La Historia de los últimos setenta años de esta España nuestra a la que, cada día, como hijos desagradecidos, nos empeñamos en maltratar, ha sido en mayor medida escrita por quienes vencieron en aquella fatídica contienda del treinta y seis.
Fue, como toda guerra civil, despiadada y cruenta: se enfrentaron hermanos contra hermanos, hijos contra padres y padres contra hijos; se cobraron con sangre deudas antiguas con la excusa de una idea...Y es bueno no olvidar lo que pasó, para que no se vuelva a repetir y porque en el pasado, como dijo Donoso, está la historia del futuro.
Y es por eso que cualquier intento tendente a contar la historia con objetividad, como realmente pasó, es digno de encomio, para que nuestros hijos y nuestros nietos sepan que allí, en aquella guerra, hubo buenos y malos en ambos bandos, en ambas facciones hubo Dimas y tras ambas líneas hubo Gestas, tras ambos frentes existieron héroes y también villanos.
Pero recordar no es igual que revivir. Y rememorar con imparcialidad no es sinónimo de desvestir a unos santos para vestir a otros. Ni es conveniente, para la higiene educativa de nuestros jóvenes, relatar lo que pasó haciéndolo ahora exclusivamente desde la óptica y desde el prisma de quienes durante muchos años fueron obligados -o quisieron, que de todo hubo en la viña del Señor- a callar.
Porque entonces lo que haremos será, no recordar la historia, sino resucitar rencores que ya deberían estar olvidados, reanimar querellas y resentimientos que ya deberían dormir para siempre en el desván oscuro de la memoria.
Contemplo con preocupación iniciativas que, con la excusa de dar voz a los que fueron silenciados y bajo el lema de «memoria histórica», me temo que sólo van a conseguir avivar rescoldos. Porque se cae en el mismo error que se denuncia, y sólo se habla desde una voz, desde una óptica.

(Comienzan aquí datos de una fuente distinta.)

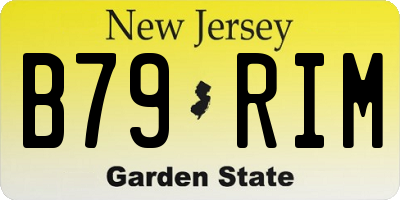 NJ license plate B79RIM
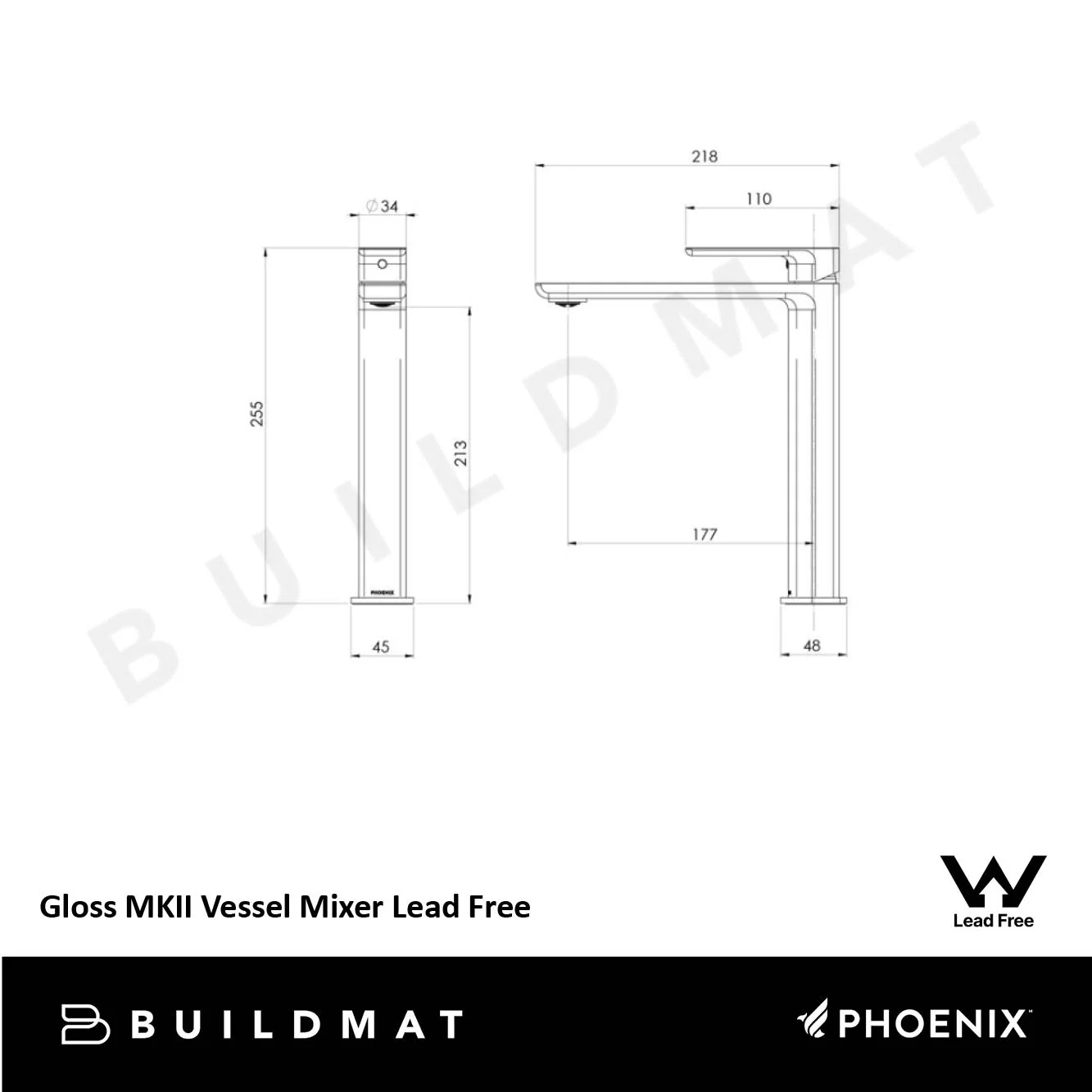 Phoenix Gloss MKII Vessel Mixer Brushed Carbon Lead Free - Image 4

Y se desentierran cadáveres con propósitos absurdos, y se santifican méritos oscuros y se silencian glorias evidentes, y se elogian unas trincheras y se denigran otras, y se ensalza a unos mártires y se desprecia a otros, y se vuelve a hablar de rojos y azules, y se vuelve a dejar en carne viva heridas que entre todos cicatrizamos en el quirófano de la transición.
Me preocupa, de verdad, que con fondos públicos, y ya en el siglo XXI, se esté financiando lo que tal vez no sea sino el ansia de revanchismo de los vencidos en una contienda que ocurrió en la primera mitad del siglo XX.
¿Para qué?, me pregunto. ¿No fue el espíritu de esa transición el bálsamo con el que se cerraron las viejas heridas? ¿No cantamos todos Libertad sin ira? ¿Para qué ensanchar de nuevo el abismo de las dos Españas?
Dejemos la Historia a los historiadores. Y dedíquense los políticos, que para eso se les paga, a contruir la España del mañana. Que a mí, como a Jefferson, me gustan más los sueños del futuro que la historia del pasado.